Saudi Arabia says it will set a minimum private sector wage for Saudis more than double that of expats this year, in a further attempt to address the nationalisation employment agenda. But while focusing on wage incentives is welcome, greater access to improving skills and assessment must be part of the solution.
Employers are more likely to hire a national over a migrant – even if they have to pay more for them – if that national also has certified proof of role-relevant skills.
The Saudi move is the latest in a long line of policies across the Middle East – quotas, prohibitions, incentives and wage protection – that have been set up to tackle perhaps the most crucial socio-economic challenge facing GCC countries today: increasing the numbers of nationals in the local labour market.
The stakes are high, with almost 70 per cent of the Arab population aged under 30 unemployed, according to the Arab World Learning Barometer Report 2014. Yet fewer than two million of the seven million new jobs created across GCC countries in the past decade went to nationals.
Recent nationalisation policies have been well documented. Migrant workers are far cheaper to employ and have fewer employment rights than national workers, with the sponsorship system preventing most migrant workers from moving from one employer to another without permission. The new proposed minimum private sector monthly wage of 5,300 riyals (Dh5,191) for Saudi nationals compares with 2,500 riyals for expats; in Abu Dhabi, the “bonus” for being a national can be up to 600 per cent of the equivalent migrant’s salary, according to a report published last year by the Gulf Labour Market and Migration programme of the Migration Policy Centre and the Gulf Research Centre.
This might make private sector jobs more attractive to nationals, but it also deters employers from hiring them.

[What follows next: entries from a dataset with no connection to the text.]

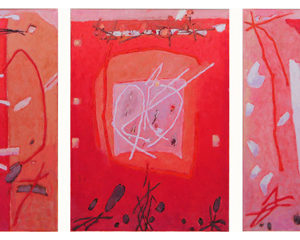 Rote Gefühle - 140x100cm x3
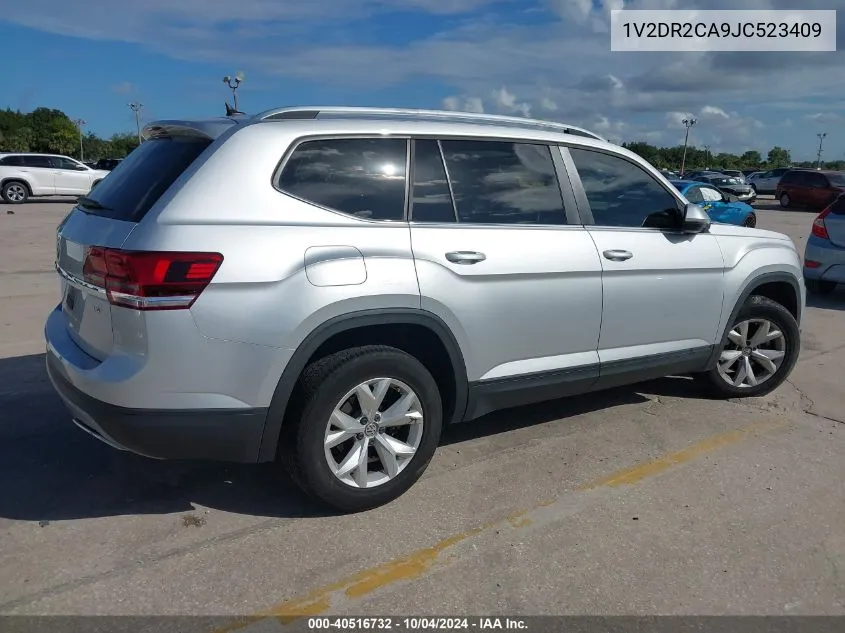 2018 Volkswagen Atlas 3.6L V6 Se/3.6L V6 Se W/Technology VIN: 1V2DR2CA9JC523409 Lot: 40516732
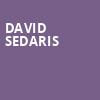 David Sedaris, Devos Performance Hall, Grand Rapids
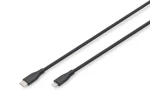 Digitus čierna / Nabíjací a dátový kábel / USB-A - Lightning / MFI / 0,5 m / 60 W (AK-600110-005-S)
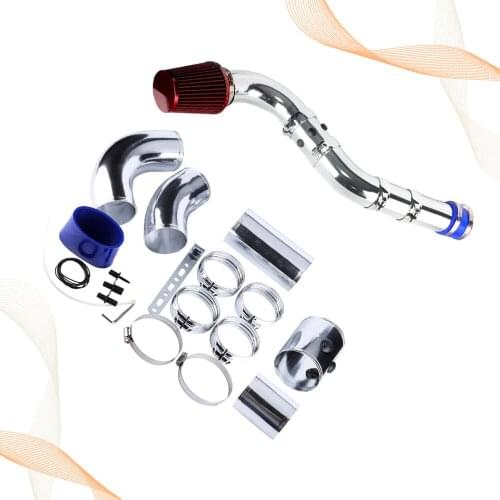 1 Set Universal Car 76mm Aluminum Universal Car Cold Air Intake Filter System Aluminum Alloy Hose Pipe Tube Kit Intake Filter Ki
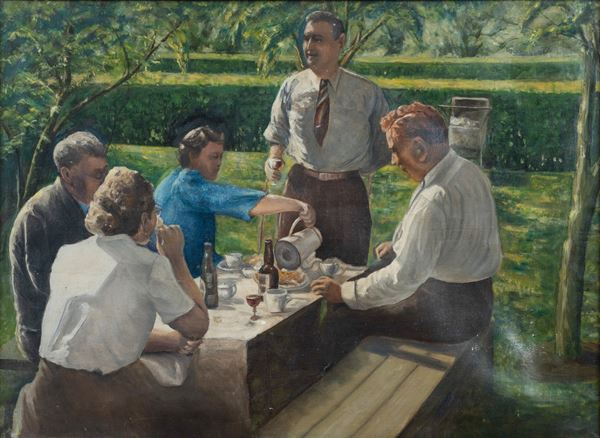 Pittore danese - Scena conviviale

Combine all of that with employer-driven open migration and very generous public employment packages, and it becomes clear why the private sector is dominated by migrant workers, and the majority of nationals are in government jobs. The percentage of nationals employed in the private sector ranges from 5 per cent in the UAE to 22 per cent in Bahrain, according to a 2014 report by the Migration Policy Centre.

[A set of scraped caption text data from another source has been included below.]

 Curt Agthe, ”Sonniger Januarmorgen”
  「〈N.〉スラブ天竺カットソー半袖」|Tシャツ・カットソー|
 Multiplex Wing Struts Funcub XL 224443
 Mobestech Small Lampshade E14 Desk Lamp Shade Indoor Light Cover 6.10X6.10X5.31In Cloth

The vast majority of nationals are willing to work hard to build a successful career. But to do this they need access to the right education opportunities – not just at school, but throughout their professional lives.
Seventy percent of chief executives across the Middle East say a lack of key skills is the biggest threat to success, according to a 2014 PwC survey. If nationalisation policies are to succeed then this must be overcome.
This means developing learning pathways with more skills-based courses outside the school system, digitising more training and assessment – whether that is online, Massive Open Online Courses (Moocs), or computer-based testing (CBT) – in sectors such as renewables, health care and IT.
Access to a network of local CBT centres or even proctored online testing means that a new qualification can be gained by taking an exam on a lunch break, booked on demand, instead of having to travel to a city centre on a set day.
This convenience, combined with increased access to local test centres, can provide crucial encouragement to nationals considering a career in the private sector, or trying to improve their chances of promotion or finding a new job.
But the scale of the solution must fit the scale of the challenge, and positive change of the size required to make a difference can only be realised when there is enough access to role-relevant learning and assessment across the region. In the case of Moocs there are millions of learners and thousands of courses.
They are now so popular in the Middle East that they are being referred to as Amoocs (Arabian Moocs), and Skills Academy, a Mooc aggregator in Egypt, has more than eight million users.
There is still the issue of credibility with employers for Moocs, an issue which could ultimately decide whether their fate is to replace, reinforce or undermine the traditional university model. But credibility issues could be addressed through certifications and qualifications, delivered through the convenience of CBT, which offers highly secure testing environments or even live proctoring.
After all, a certification exam does not necessarily require proof of learning, only measurement of knowledge acquired.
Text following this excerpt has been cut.